I agree that it is important not to break the boat....I watched with morbid interest one day in Durban,RSA while someone demonstrated the efficiency of his back stay adjuster by twiddling this huge wheel. Next thing you know he has very considerable mast rake.....the foredeck parted company with the hull. It was an open 24ft sports boat, so no great suprise I suppose, but it gave us a shock, as we were in the next berth! I have been very tentative with rig tensions ever since.
The relative tensions vary depending on the angles at which they are set relative to the mast i.e. the position of the chainplates. People seem to be getting worked up about rig tension just recently and really shouldn't be. It is easy to get a basic set up by getting the mast centered and straight from side to side then getting the prebend to match the luff of the main. Then tune the rig whilst sailing in about 12 to 15 knots of wind with full sail - a gps helps here. First set the rake by adjusting the forestay until the boat has the feel that you want. This would normally be slight weather helm. Then tighten the leeward shrouds to just remove the slack, tack and tighten the new leeward side by the same amount. Note the boat speed (hence the gps). Tighten the leeward shrouds by a half turn and tack. Note boat speed. If it has increased tighten the new leeward shrouds by a complete turn, tack and note speed. Continue until no increase in boat speed is noted, ensuring that each side is adjusted the same from the initial straight position.
If you do it like this a GPS will give you speed over ground,what you need is speed through the water which only a "Log" will give you.

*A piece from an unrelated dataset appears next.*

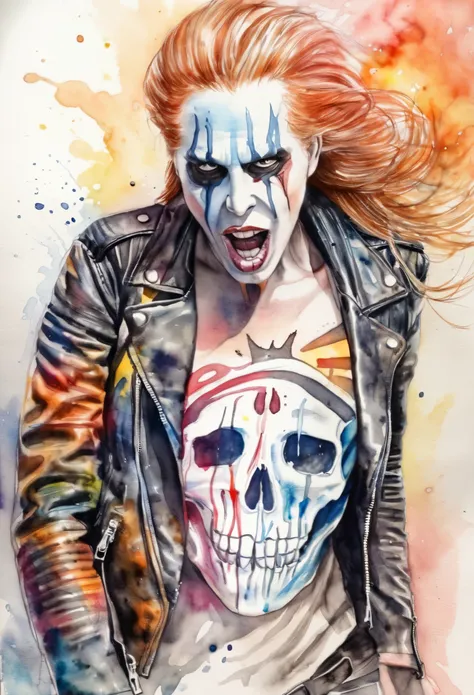 Colorfull watercolor hand drawing, splash design, (best quality, masterpiece:1.2), side view, a ghost ridert with fire hair wearing leather jacket, marvel style, simple lines, looking to camera, in dinamic, (natural skin and textile texture, hyperrealism, ...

I spose that if you are only looking for increases of speed over a short period then GPS might be OK.
Cut out as many variables as possible and go direct to Log reading.
I'm still trying to work through the angles and chain plate bit,but that doesn't sound quite right either.
Thanks for all the replies. I posed the question, not from the point of view of mast adjustment, rather, is there a greater tension when sailing on the fwd or aft lowers, forestay, backstay etc. I realise this would depend on point of sailing, but my lower shrouds are different thickness, can't remember which way round. I have no chainplates fitted at present as they all need replaced and have been removed. I am curious as to how strong the new installation has to be, and the ratios of the tensions through the various attachment points to the hull.
Hi Halcyon the strength of the chain plates is of course critical. it is probably easiest to compare yours with similar boats. chain plates don't often fail. However the structure it is fastened to and the bolts used are all in the load circuit. For the side stays there is a circuit from the chain plate down to the keel then up to the other chain plate with of course the deck needing to be strong to hold the chain plates apart. Fortunately boat hulls don't often fail but they do get distorted by the rig stay loads. ( there is lovely old 30 ft wooden racing yachtg near me where you can clearly see the chain plates at the gunwhale have over the years distorted the gunwhale (shear) upwards at the chain plates.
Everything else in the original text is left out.